SERVER Indicates that the span covers server-side handling of a synchronous RPC or other remote request. This span is often the child of a remote CLIENT span that was expected to wait for a response. ... INTERNAL Default value. Indicates that the span represents an internal operation within an application, as opposed to an operations with remote parents or children.

I think I misunderstood your trace before, and thought that sample.handler.call.foo was meant to represent the incoming HTTP request handler. After looking at your screenshots again, I suppose that you are also using otlphttp to wrap your handler, and that is the sample.handler transaction?

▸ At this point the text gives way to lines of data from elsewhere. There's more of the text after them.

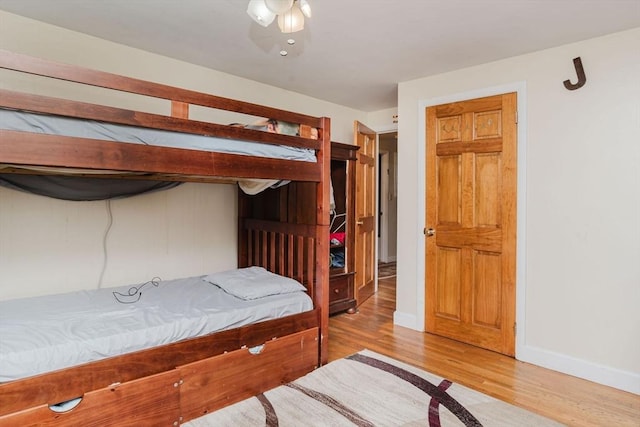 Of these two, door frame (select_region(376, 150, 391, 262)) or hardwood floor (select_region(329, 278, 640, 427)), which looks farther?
door frame (select_region(376, 150, 391, 262))

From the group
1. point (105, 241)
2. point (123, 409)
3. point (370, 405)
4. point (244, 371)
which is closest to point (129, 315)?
point (123, 409)

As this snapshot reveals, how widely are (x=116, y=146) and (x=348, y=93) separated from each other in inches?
108

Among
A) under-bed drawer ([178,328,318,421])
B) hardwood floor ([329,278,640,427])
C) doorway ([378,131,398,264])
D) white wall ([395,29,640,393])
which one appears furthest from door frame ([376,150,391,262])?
under-bed drawer ([178,328,318,421])

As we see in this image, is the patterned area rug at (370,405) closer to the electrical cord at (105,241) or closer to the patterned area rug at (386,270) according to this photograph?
the electrical cord at (105,241)

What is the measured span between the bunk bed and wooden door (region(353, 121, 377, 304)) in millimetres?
1391

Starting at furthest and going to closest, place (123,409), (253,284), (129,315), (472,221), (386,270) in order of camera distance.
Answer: (386,270) → (472,221) → (253,284) → (129,315) → (123,409)

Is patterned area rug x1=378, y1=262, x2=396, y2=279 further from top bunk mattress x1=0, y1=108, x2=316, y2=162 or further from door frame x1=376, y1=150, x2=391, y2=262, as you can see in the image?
top bunk mattress x1=0, y1=108, x2=316, y2=162

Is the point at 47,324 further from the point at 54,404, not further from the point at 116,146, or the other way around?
the point at 116,146

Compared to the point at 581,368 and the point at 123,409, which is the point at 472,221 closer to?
the point at 581,368

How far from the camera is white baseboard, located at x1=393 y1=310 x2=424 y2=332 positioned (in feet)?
11.1

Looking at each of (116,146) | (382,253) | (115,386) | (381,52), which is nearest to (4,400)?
(115,386)

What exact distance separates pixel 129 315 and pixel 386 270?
4.60 m

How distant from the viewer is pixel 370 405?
2084 mm

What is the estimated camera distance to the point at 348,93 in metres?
3.86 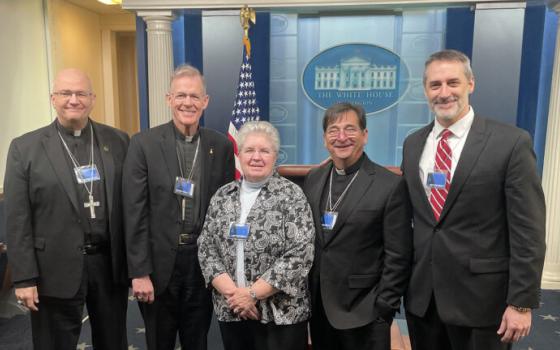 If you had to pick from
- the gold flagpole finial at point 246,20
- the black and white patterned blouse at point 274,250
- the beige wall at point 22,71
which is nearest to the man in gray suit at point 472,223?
the black and white patterned blouse at point 274,250

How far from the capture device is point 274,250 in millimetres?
1820

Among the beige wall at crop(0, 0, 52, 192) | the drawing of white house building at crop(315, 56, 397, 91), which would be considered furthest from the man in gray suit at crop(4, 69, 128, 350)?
the beige wall at crop(0, 0, 52, 192)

In that case, sample.handler.call.foo and sample.foo should have the internal span kind, and you don't need to explicitly use WithSpanKind -- sorry about that.

Going back to your initial comment, I overlooked something:

I tried this with a small snippet on v8.5.1 and all traces are recorded as transactions, not traces.

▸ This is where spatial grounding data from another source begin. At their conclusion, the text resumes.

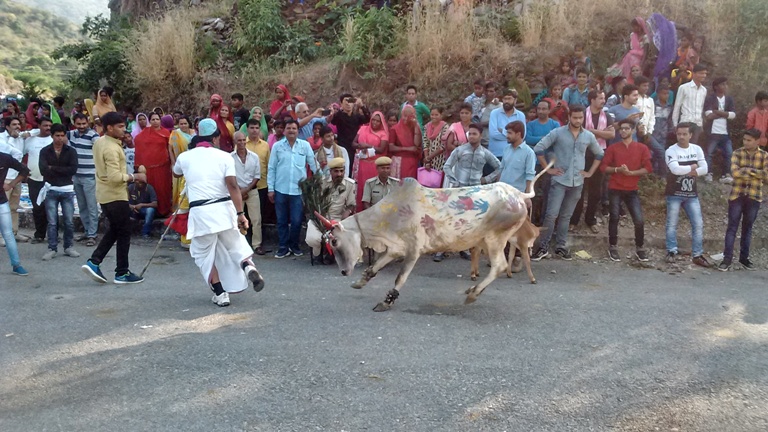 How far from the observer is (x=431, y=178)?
9062mm

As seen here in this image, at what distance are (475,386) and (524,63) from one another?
8.78 m

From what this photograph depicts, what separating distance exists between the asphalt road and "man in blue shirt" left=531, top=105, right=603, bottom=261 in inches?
50.8

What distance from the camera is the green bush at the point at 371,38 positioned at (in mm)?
13211

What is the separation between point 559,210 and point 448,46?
520 centimetres

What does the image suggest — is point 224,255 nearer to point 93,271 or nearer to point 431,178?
point 93,271

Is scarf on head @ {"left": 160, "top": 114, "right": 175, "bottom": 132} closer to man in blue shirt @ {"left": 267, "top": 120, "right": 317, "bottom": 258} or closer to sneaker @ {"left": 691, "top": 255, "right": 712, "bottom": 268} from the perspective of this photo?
man in blue shirt @ {"left": 267, "top": 120, "right": 317, "bottom": 258}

The Traces page is simply listing root transactions, by looking for any transactions without a parent ID. In your example we should expect that sample.handler is listed on the Traces page. Given that it doesn't show up, that implies sample.handler does have a parent ID. You could check that by clicking the sample.handler row and looking for a parent.id field under the metadata.

Assuming that's the case, I think you're hitting something similar to this issue: https://github.com/elastic/apm/issues/609. i.e. I expect Cloud Run is injecting a traceparent header, and your instrumentation is continuing the trace with that trace context. It therefore doesn't think the server transaction is the root, and doesn't show up under Traces. You could confirm this by passing trace.WithNewRoot to the otlphttp instrumentation.

ymotongpoo commented 1 year ago

@axw Thank you for the detailed answer.

i.e. I expect Cloud Run is injecting a traceparent header, and your instrumentation is continuing the trace with that trace context.

I realized I missed the fact that Cloud Run injects the traceparent automatically.

You could confirm this by passing trace.WithNewRoot to the otlphttp instrumentation.

As you suggested, I tried creating span with trace.WithNewRoot() and now I see sample.handler in the list. (I also tried using trace.WithNewRoot() from sample.handler.call.foo and it was recognized in the trace list as well)

image

The snippet was:

    otelHandler := otelhttp.NewHandler(
        http.HandlerFunc(handler),
        "sample.handler",
        otelhttp.WithSpanOptions(trace.WithNewRoot()),
    )

Given above, as you pointed out, my case seems about https://github.com/elastic/apm/issues/609.